Why then, you ask, do I sign up my son for sports? Well, mostly because I don't want him to grow up to be a sports hater too.
Elementary school "field day" was the day of all days in grade school that I loathed school the most. I have always been short (still am), smaller than my peers, and as non-athletic as they come. And here was a day designed entirely around athletic competition. Ugh. Let's just say no ribbons were coming home with me. (I tried to be thankful it was only one day a year; think of the kids who hated spelling — which I loved — spelling took place every week!)

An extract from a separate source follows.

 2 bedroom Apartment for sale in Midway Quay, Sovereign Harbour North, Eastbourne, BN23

In any case, while I hate athletics, I've always had a secret longing to be a more athletic person, mostly because athletics-hate also translates to exercise-hate. Exercise is not something I want to hate, but I was never conditioned to appreciate it. And, it seems, most the people I know who grew up playing sports don't mind exercise as much as I do. They may not do it every day, but they don't hate the idea of sweat and lung burn like I do.
And then I married a non-athlete too!
That said, I signed up my oldest son Clyde for baseball the first spring he could play and then for soccer the following autumn. We're on our second round of soccer now. At this early point in the season, practices are hot and sweaty, and I spend much of my time chasing around my younger son Leo and getting hotter and sweatier than I want to. See? I told you I was whiny about this stuff.

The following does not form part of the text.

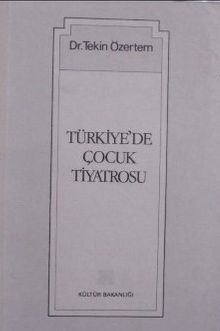 Türkiyede Çocuk Tiyatrosu /11-F-23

During the sports seasons, we rush from finishing homework to picking up Leo at preschool to the practice field. Then we all get sweaty and turn around, come home, eat dinner, bathe, read, and go to bed. It feels like there's no time on those nights to just "be." On top of that, there are the games on the weekend and some scrimmages scheduled here and there.
I can't even imagine what it will be like when I have two kids playing sports and there are even more practice days. Another mom of two just told me last season they only had Friday and Sunday open on the family calendar due to sports. And every week, I watch as another mom drops off one son to practice, leaves, drives her other son to practice at another location, and then turns around and does the pick ups.

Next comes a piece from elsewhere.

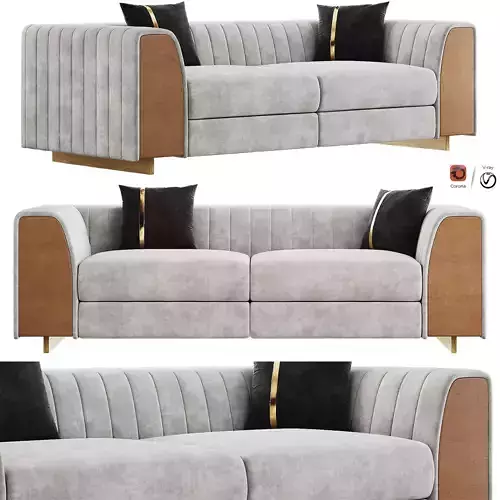LASKASAS HARRY SOFA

Again, you ask, why are you doing this then?
Well, when I watch Clyde run up and down the length soccer field, every week he is more and more in his body than he has ever been. There are even moments of grace. Suddenly, he knows what he's doing. What the goal of the game is. He's watching and learning from his coaches and his teammates. And more than anything, he is making his body do what bodies are meant to do: run, stretch, play, leap, and bend. His lungs and heart are pumping. His hair gets wet with sweat.
And he does not complain one single ounce. Often, he looks, well, sort of satisfied. And that's why we are doing this.
I might whine and complain to kingdom come about the hard work of sports (usually just to my husband and girlfriends), but my son doesn't. In fact, so far, he really loves playing baseball and soccer. Perhaps he is on his way to finding the natural body-mind connection I have always dreamed of finding.
Are your kids in sports? Why or why not? How do you feel about sports?